The monsters described herein range from low-level foes, such as giant vampire bats, to much mightier ones, such as fallen demigods known as the angrasinamru and everything in between. I appreciated the breadth of the entries, both thematically and mechanically. I also enjoyed the fact that many of them were worthy of the fine Gygaxian tradition of taking the germ of an idea from myth or legend and reworking it into a unique creature for use in one's fantasy campaign. Several monsters contain a "Death" entry indicating the unusual consequences of its being slain, such as the earth and stars mourning the death of the aforementioned angrasinamru or how the gorgosphinx turns into a statue of rock salt capable of petrifying anyone who is so foolish as to consume part of it. It's little touches like these that elevate the monsters in M&T above the usual fare found in monster books. I also note with approval that many of these creatures contain honest-to-goodness save or die effects of the sort that are so out of fashion these days.
The magical treasures described in this product are similarly good, demonstrating a terrific combination of creativity, whimsy, and old school sensibilities. I was particularly taken with the Demon Die of the Mandarin-Lords, an arcane dodecahedron once used by servants of an ancient emperor devoted to Chance and whose rolls determine the justice meted out against those accused of crimes. Naturally, there's a D12 random table that's suitably nasty, since "the Accursed Emperor was fond of chance, but liked to hedge his bets!" Many of the magical treasures exhibit negative qualities in addition to their beneficial ones. There's a price to pay for using them, in keeping with the traditions of pulp fantasy on which D&D was founded.

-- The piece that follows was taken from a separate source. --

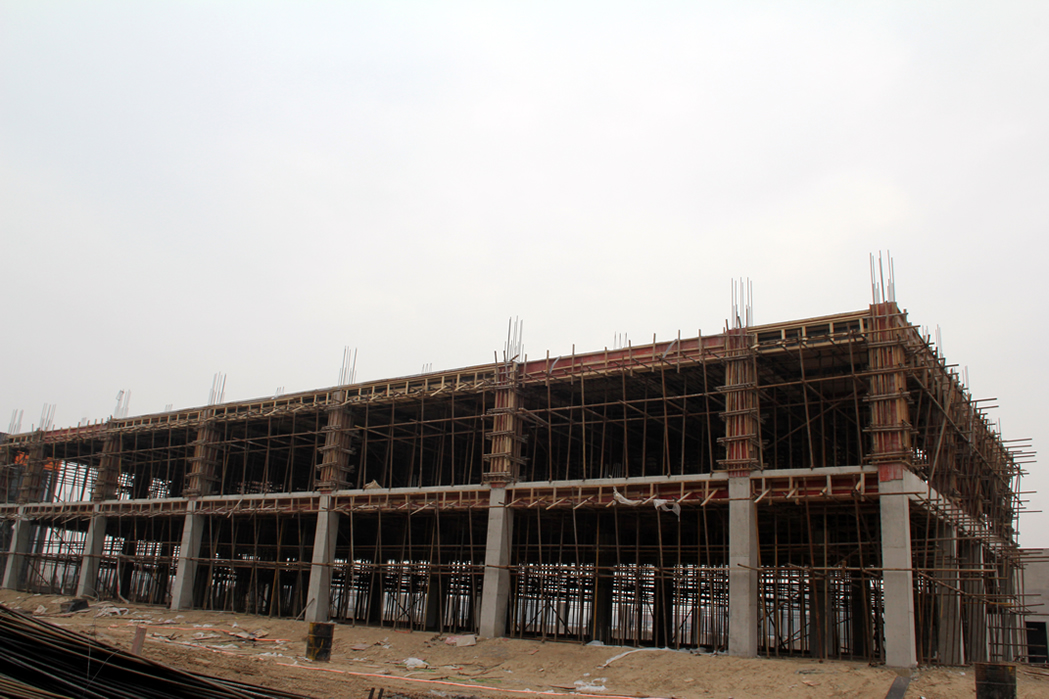 鄭州科晶電爐溫縣分公司科研樓水泥澆筑中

Unsurprisingly, I think very highly of this approach.
If I have a complaint about Monsters & Treasures of the Wilderlands I, it's that there's not yet a volume II. For the price, this is a superb product and I found myself wishing for more monsters and treasures from Mishler's remarkable imagination. I'll admit that I also regret the lack of art, since several of the monsters have bizarre appearances that took me some time to wrap my head around. For some, though, this is a feature, not a bug and I'm sure the lack of art helped keep the price of the product down, so it may be a boon in disguise. I encountered a few small editorial glitches here and there, but nothing worthy of specific note. I wholeheartedly recommend this product and hope to see additional entries in the series before too long.